I felt pretty rough the following day so slept a lot whilst Phil watched the Tokyo marathon runners outside our hotel. We then headed to the samurai museum and met a couple of friends at a strange immersive restaurant called Alcatraz E.R in the evening.. Only in Japan.

Thankfully I felt alot better the next day for our trip to Nikko, Okunikko and Utsonamya. Nikko is where the Shogun shrines are and a place of tranquil beauty. Okunikko is a little further up in the mountains. It was freezing cold but amazing to see the huge icy waterfall and watch the sun set over the sulphur lake.

On the way back to Toyko we stopped in Utsonamya which is where Phil lived a couple of years ago. We ate at a famous gyoza restaurant, had a night-cap at a cute little bar and wandered through the miniature golden gai. I thought Utsonamya would be a quiet, sleepy town, but it had so much character and I can see why Phil loved living there so much.

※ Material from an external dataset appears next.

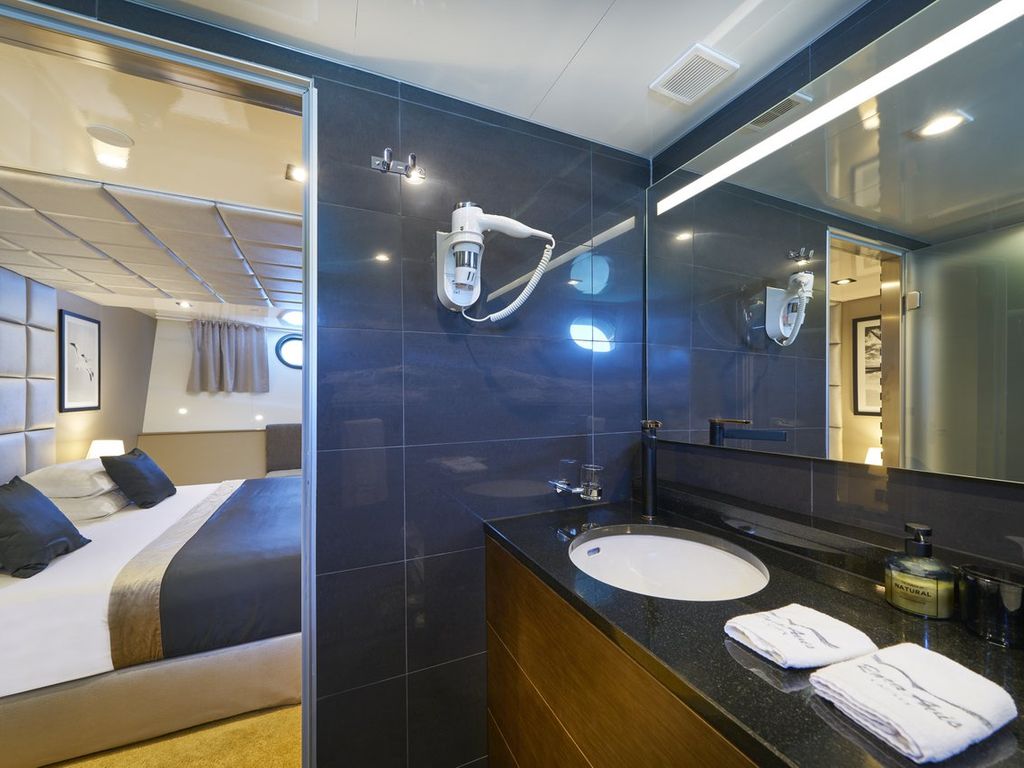 Boat picture 37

The next day was Tuesday and our travel day to Hokkaido where we spent the remainder of our trip. We flew into Sapporo then took a scenic 3 hour bus ride into Niseko. I have never seen so much snow! The roads had been cleared to leave huge walls on either side  which must have been 10ft high.

Our pal had picked an awesome apartment for us all in Hirafu village, right next to the gondola. It was called Landmark View and I'd recommend anyone to stay there. We had dinner at a cute little bar called Big Foot and got into bed like excited children ready for skiing the next morning.

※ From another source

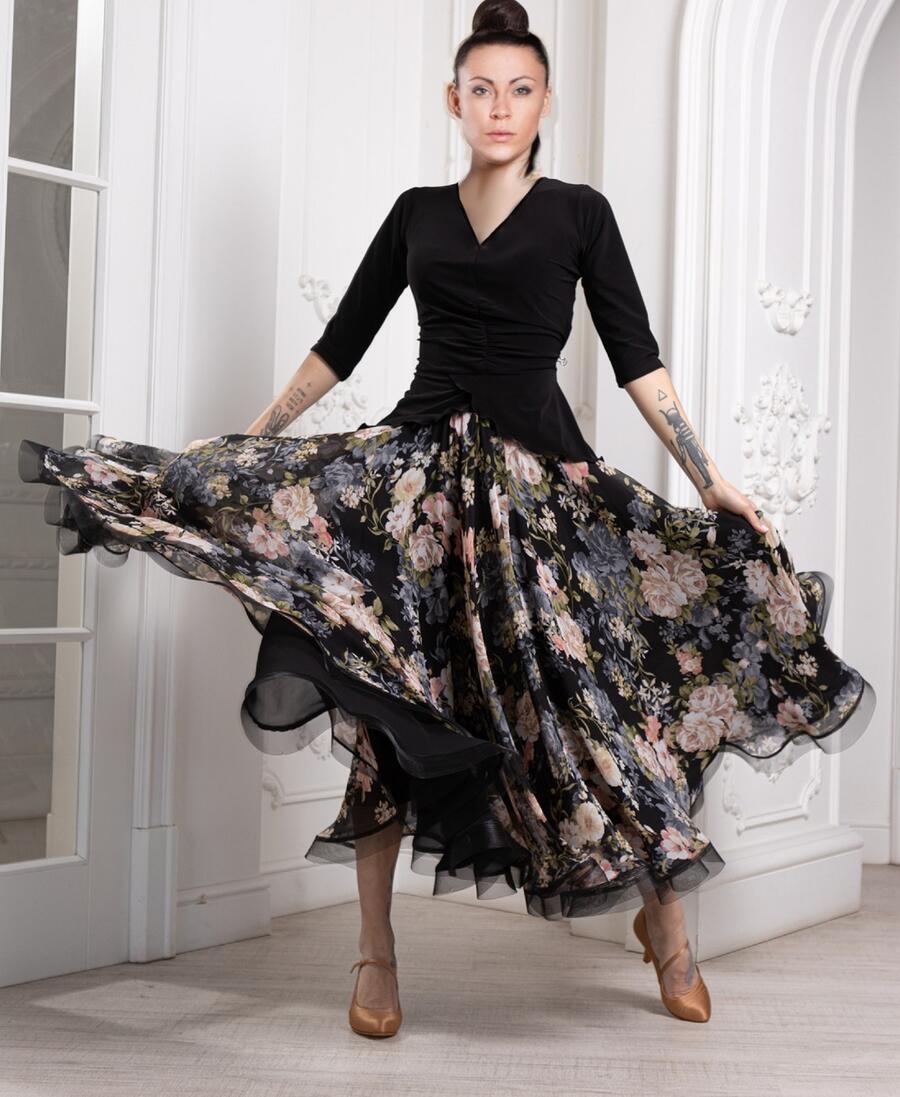 U695-02 Sleeveless V-neck dance top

We got up early, tested our ski legs and sped up and down the mountains until the evening, stopping only to meet our two other pals who arrived at lunchtime to join us.

No research had been done about where to go in the evening so we were lucky to stumble upon a secret little place called Buddha Bar which was practically invisible from the outside. We ate a lot of gyoza and met a fun Aussie who insisted on doing everything backwards, because, that's what Aussies do right?!

Shitty weather hit us the next day so we were in limbo for a while until we learnt about some runs open in Hanazono around the side of the mountain. Phil and I accidentally skied down a black off-piste run which was terrifying but also a bit of a proud moment for us.

We all went to an onsen in the early evening to boil ourselves. They split the males and females and stipulate for everyone to be nude - a weird concept for us straight-laced Brits, especially sitting on a tiny stool afterwards to wash ourselves. Fun though and definitely helped the aches and pains.

We found another izakaya (a joint serving Japanese tapas) and met three lovely Aussie guys who we went onto Bar GYU+ with. A night of drinking, jumping into walls of ice and snowball fights ensued until sunrise...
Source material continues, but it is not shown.